In glucose oxidase (GOx) based biosensors, O2 has been reported to compete with the artificial redox mediator for GOx electrons, decreasing the current density of the devices. Here, we investigate the effect of O2 on the redox mediator itself. To do so, a range of osmium-based redox polymers of different redox potentials has been investigated in non-physiological relevant conditions, i.e. under forced convection and under 1 atm O2, to maximize the effect of the O2. We show that molecular O2 could be reduced on osmium complexes producing H2O2, a fraction of which could be further reduced to H2O on the same Os complexes. This reduction occurs on polymers with apparent redox potential E°′ ≤ +0.07 V vs. Ag/AgCl and the kinetic increases exponentially when E°′ decrease. In addition to the consequent loss of sensitivity and selectivity for a biosensor, or of power density and faradaic efficiency in the case of a biofuel cell, the H2O2 produced during the reduction of O2 on the Os complex may be deleterious for the enzyme. Our results suggest that the effect of O2 on the mediator itself may also be a parameter to be taken into account for the design of efficient redox mediators.

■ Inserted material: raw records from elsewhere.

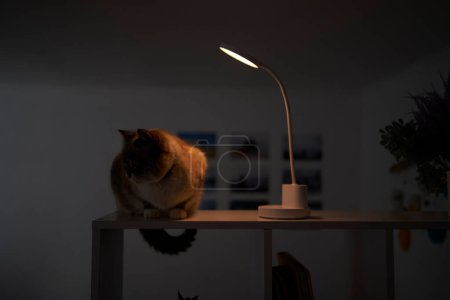 Téléchargez les photos : Siamois / Thaï chat se réchauffe sous une lampe USB sur une étagère zonage le roo - en image libre de droit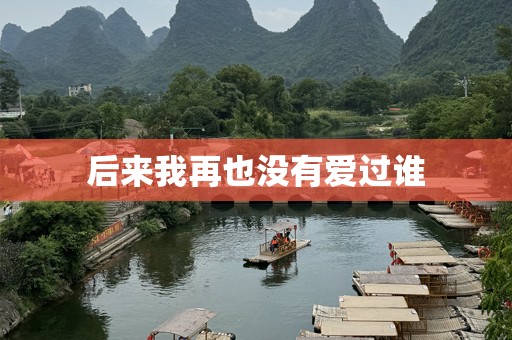 后来我再也没有爱过谁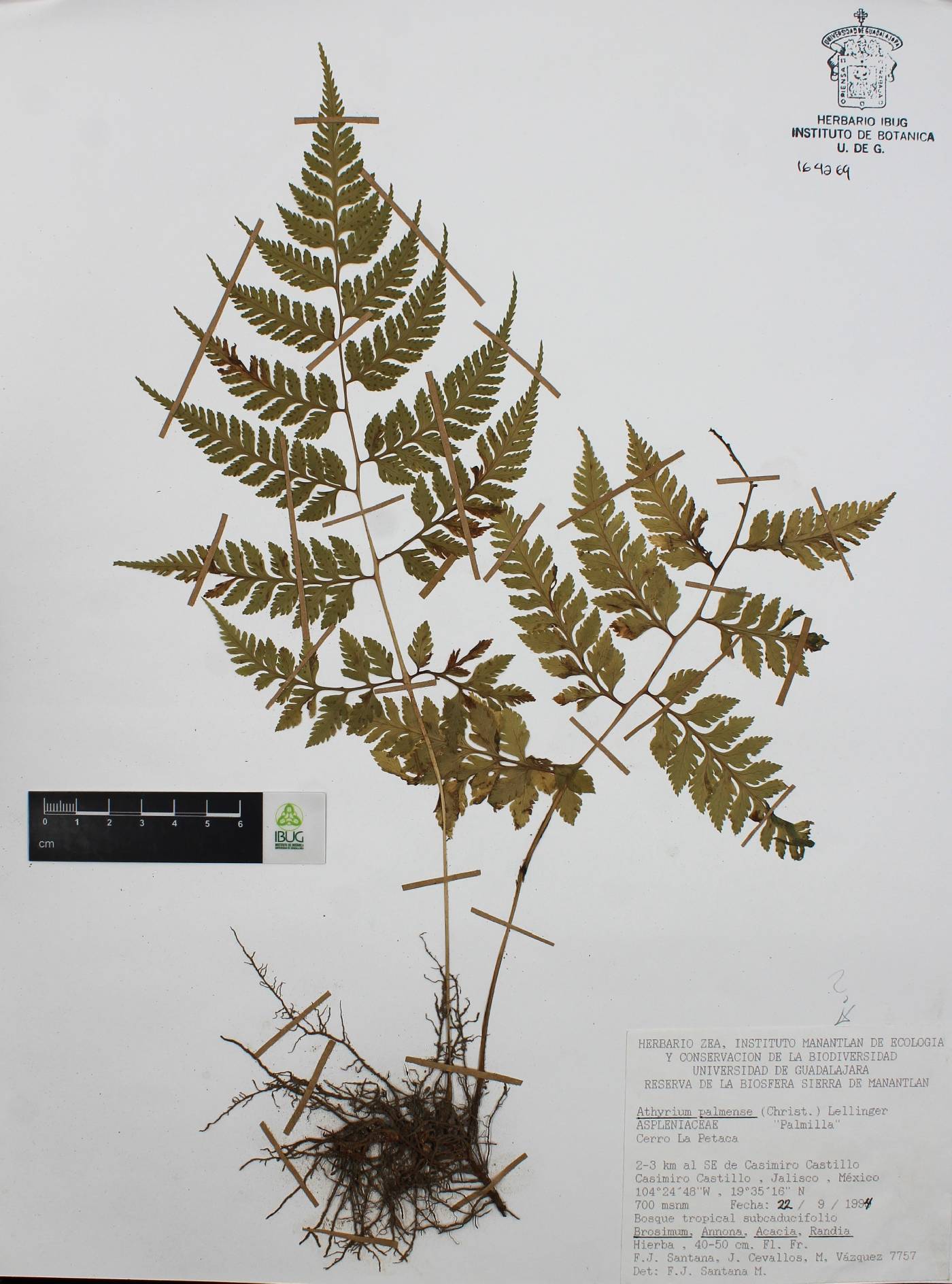 Athyrium palmense image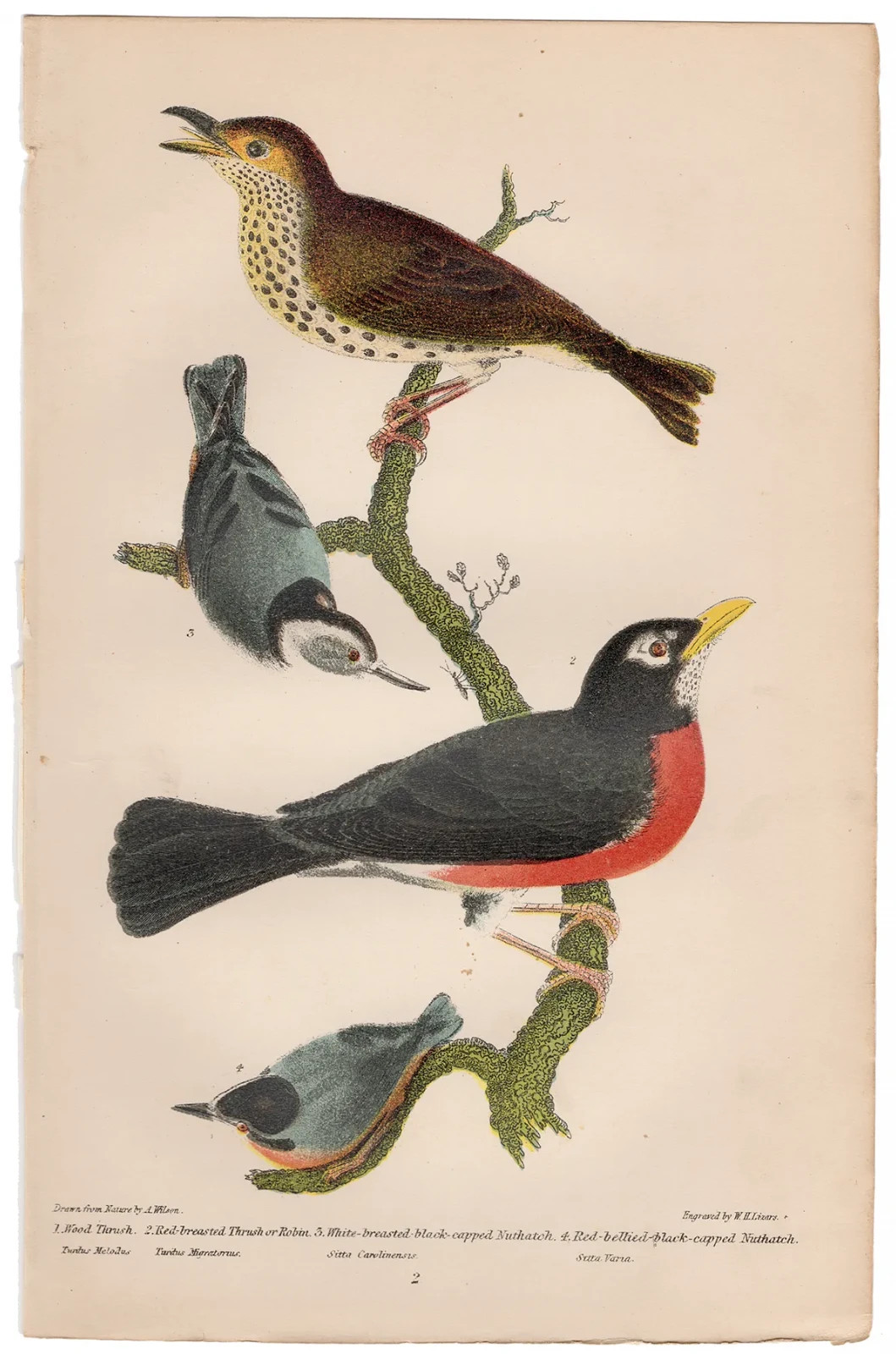 Wilson antique bird print 1876 hand-colored engraving 2 Thrush, Robin, Nuthatch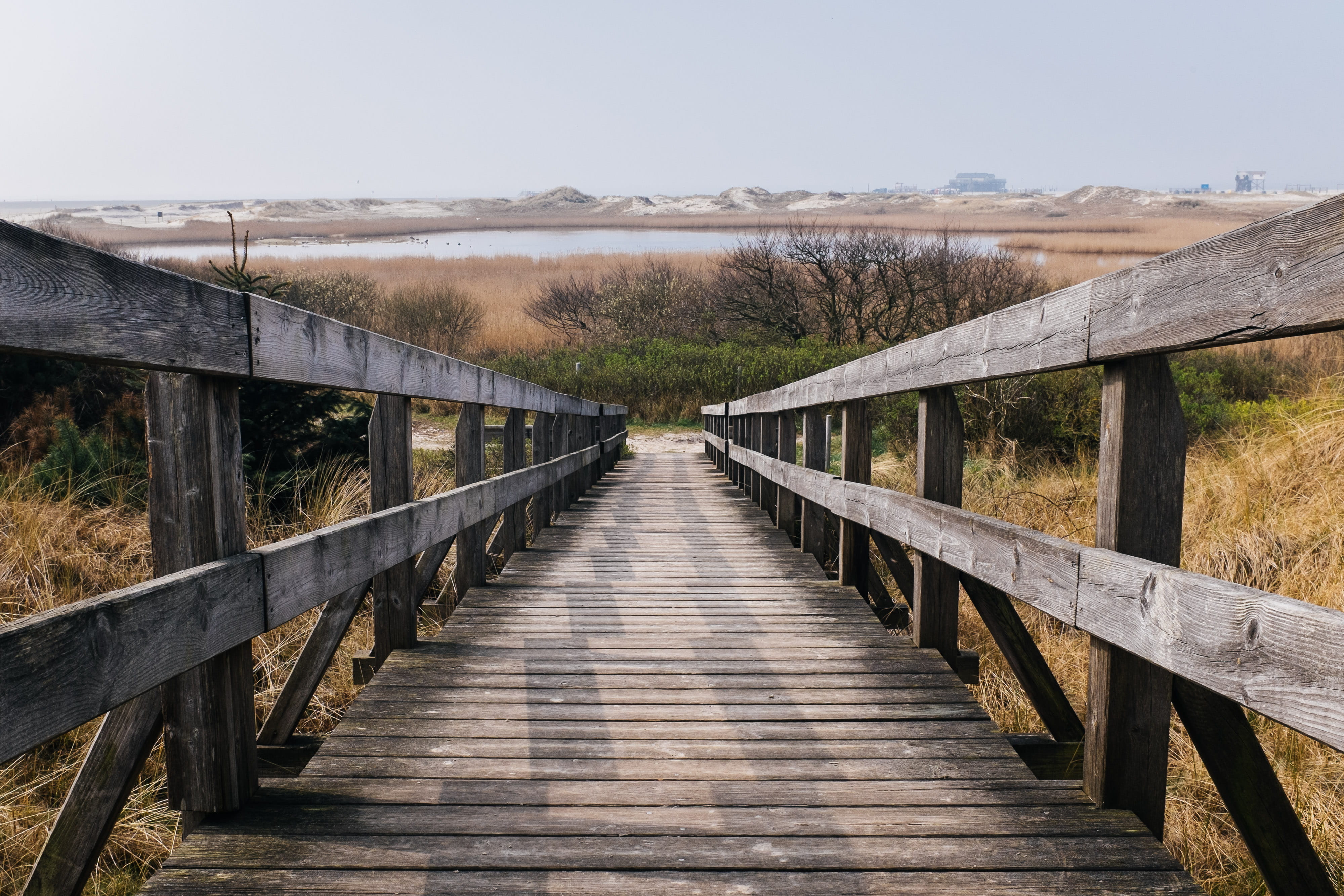 lake, connection, wood - Material, bridge, day, tree, non-urban scene, railing, the way forward, brown, scenics, sky, heading, boardwalk, footbridge, stair, HD Wallpaper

► We investigate the O2 reduction on a range of Os complexes of different redox potentials. ► Experiments are performed under forced convection to maximize the O2 effect. ► We prove that O2 is reduced to H2O2 on Os complexes of E°′ ≤ +0.07 V vs. AgAgCl. ► H2O2 can be further reduced to H2O on Os complexes but with slower kinetics. ► The O2 reduction may affects the performances of biosensors based on wired enzyme.